The authors cite the case of Joel Bondy as illustrative of what we could be facing. Joel was a two-year-old child with a serious congenital heart defect that urgently needed surgery. It was a serious operation, but one that was performed many times in hospitals across the United States. Unfortunately, Joel did not live in this country. He lived in Canada, where the country's national health care system has resulted in a severe shortage of cardiac care facilities. In fact, Canada has only 11 open-heart surgery facilities to serve the entire country, compared to 793 in the United States.
Joel's operation was repeatedly postponed as more critical cases preempted the available facilities. Alarmed at their son's deteriorating condition, Joel's parents arranged for him to be operated on in Detroit. When word of this case reached the Canadian media, embarrassed authorities told the Bondys that if they would stay in Canada, Joel would be moved to the top of the waiting list and could have his surgery immediately. Joel was taken on a four-hour ambulance ride to the nearest hospital equipped for the procedure, but there was no bed available. The family had to spend the night in a hotel. Del Bondy died the next day without ever reaching surgery.

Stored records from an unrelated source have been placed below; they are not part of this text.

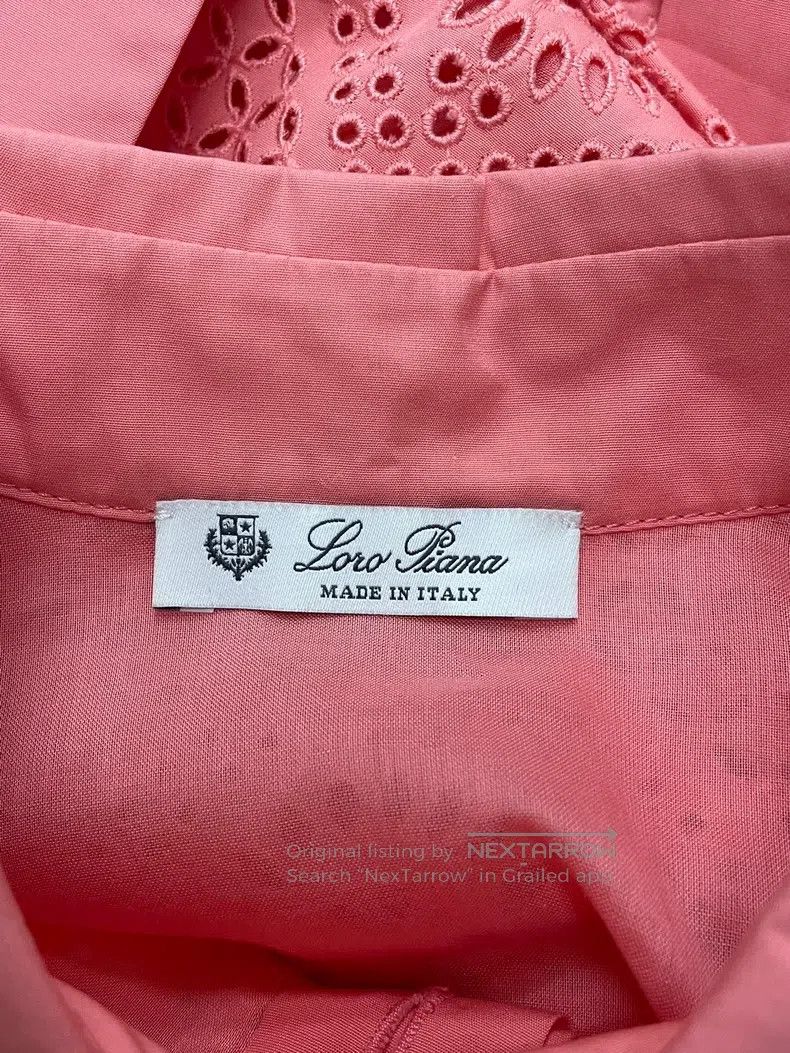 Loro Piana LORO PIANA Pink Openwork Long Sleeve Tie Dress Size XS / US 0-2 / IT 36-38 - 4 Thumbnail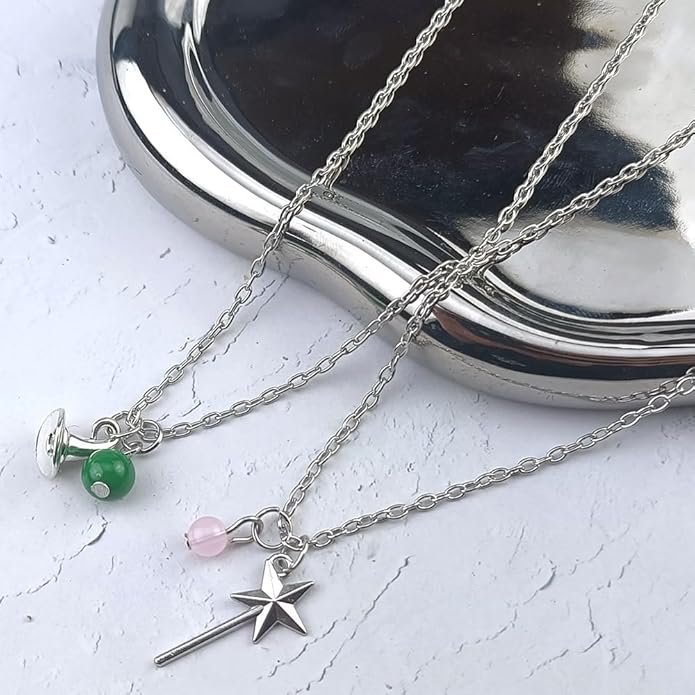 Axepet Witch Jewelry Set Magic Wand&Witch Hat Beaded Stretch Bracelet Earrings BFF Couples Necklace, Christmas Party Dress Deco Witch Merch Jewelry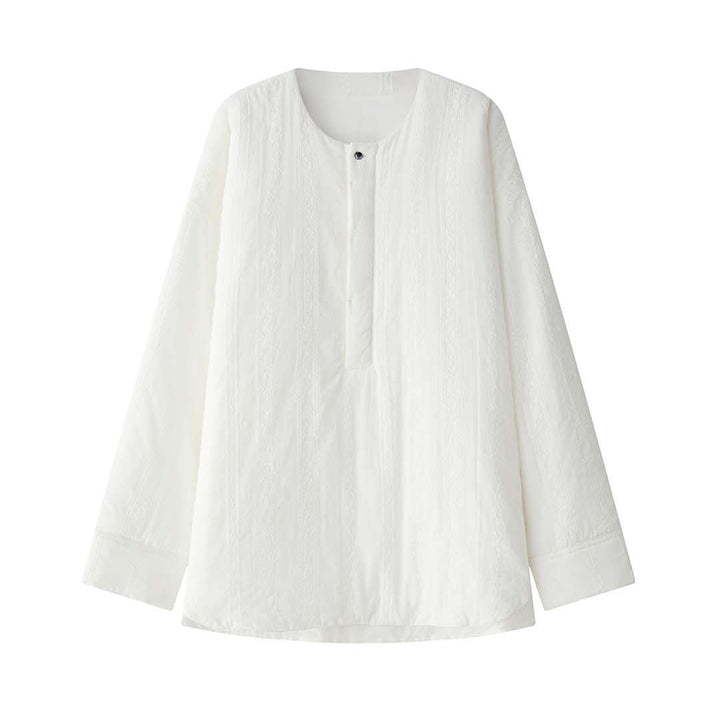Women Oversized Structured Long Blouse with Round Neck and Extended Hem Mune Fashion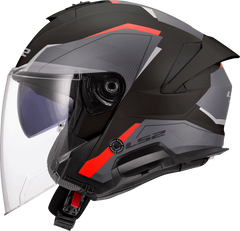 LS2 OF618 Verso II Open Face Motorcycle Helmet - Air Black/Red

The authors state that such a tragedy could easily become commonplace in this country if we make the wrong decisions on how to reform our health care system. The examples given are somewhat dated, but they are as valid today as when this book was written. Even a decade ago, 793 hospital communities in our country would be able to provide cardiac surgery–frequently the same day as they do now. However, in Canada and other socialized countries, the delays are even longer than they were in 1994. We must not let the United States become a third-world country in regards to health care. With a price of only a dollar for the abridged edition of Patient Power, we should all order dozens of copies to give to our friends, neighbors and especially our doctors and dentists before it’s too late.